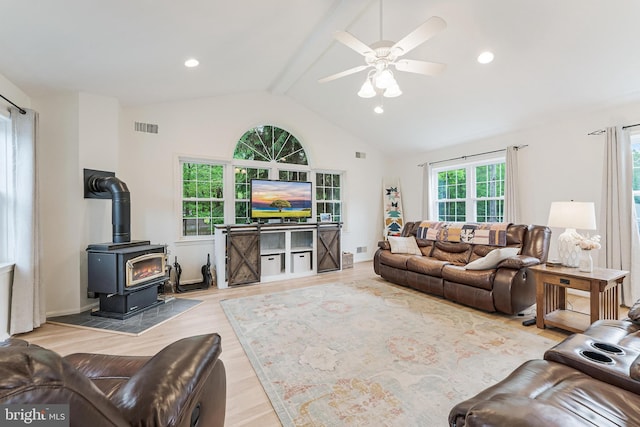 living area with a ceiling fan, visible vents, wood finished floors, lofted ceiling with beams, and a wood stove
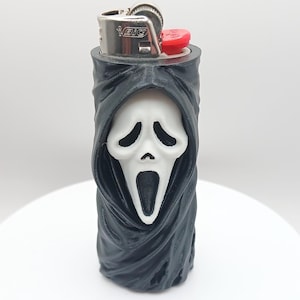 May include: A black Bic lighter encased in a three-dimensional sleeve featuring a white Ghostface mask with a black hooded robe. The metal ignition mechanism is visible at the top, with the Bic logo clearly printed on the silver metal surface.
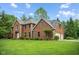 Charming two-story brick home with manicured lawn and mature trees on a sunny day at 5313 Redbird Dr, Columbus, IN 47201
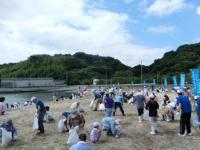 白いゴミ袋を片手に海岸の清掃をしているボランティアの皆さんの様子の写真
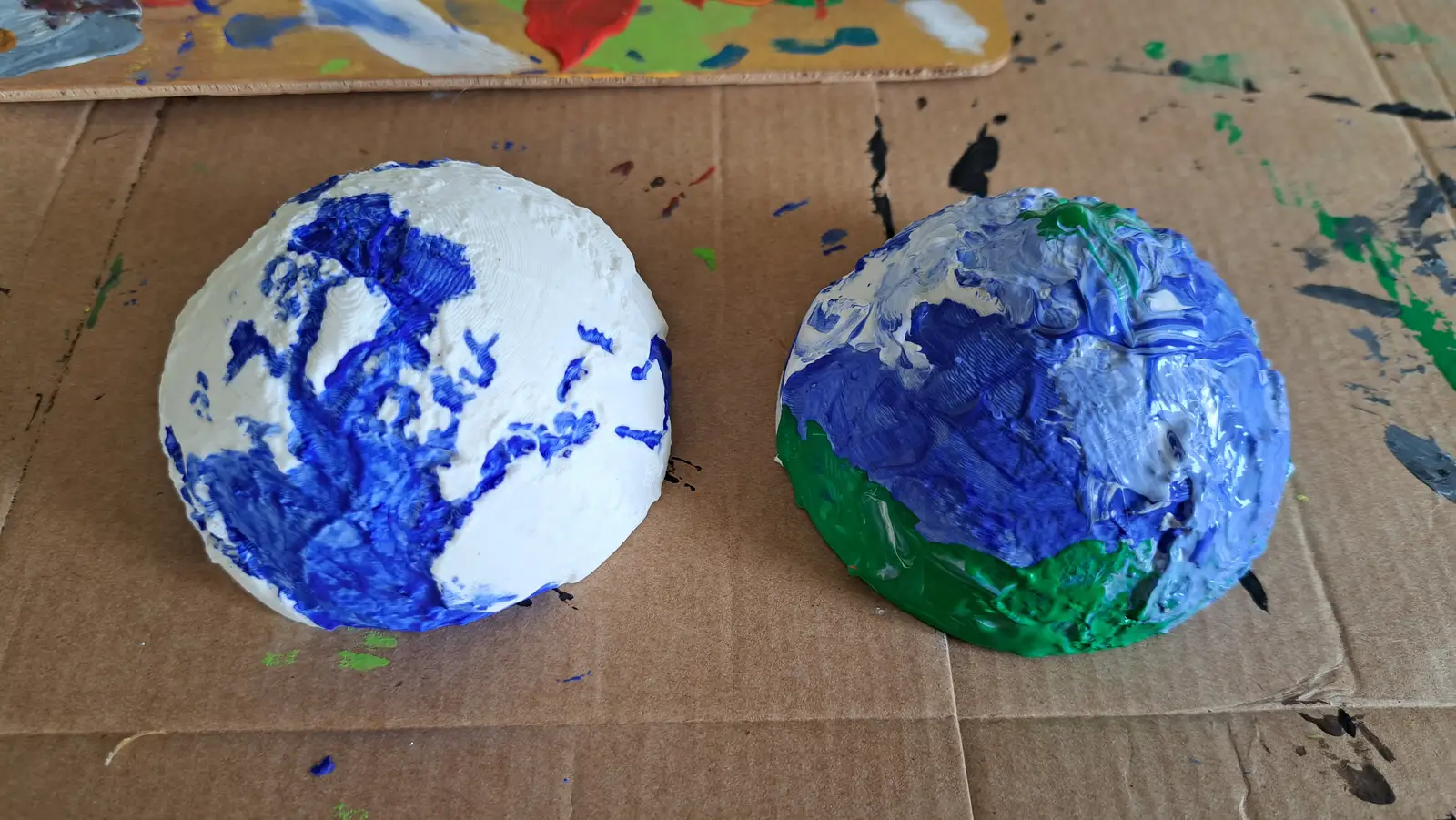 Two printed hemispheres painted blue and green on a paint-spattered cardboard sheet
○ ○ ○
PROBLEM: Exactly as they appear above, write out all the entries, but not the images.

ANSWER SECTION:
 living area with a ceiling fan, visible vents, wood finished floors, lofted ceiling with beams, and a wood stove
 May include: A black Bic lighter encased in a three-dimensional sleeve featuring a white Ghostface mask with a black hooded robe. The metal ignition mechanism is visible at the top, with the Bic logo clearly printed on the silver metal surface.
 Charming two-story brick home with manicured lawn and mature trees on a sunny day at 5313 Redbird Dr, Columbus, IN 47201
 白いゴミ袋を片手に海岸の清掃をしているボランティアの皆さんの様子の写真
 Two printed hemispheres painted blue and green on a paint-spattered cardboard sheet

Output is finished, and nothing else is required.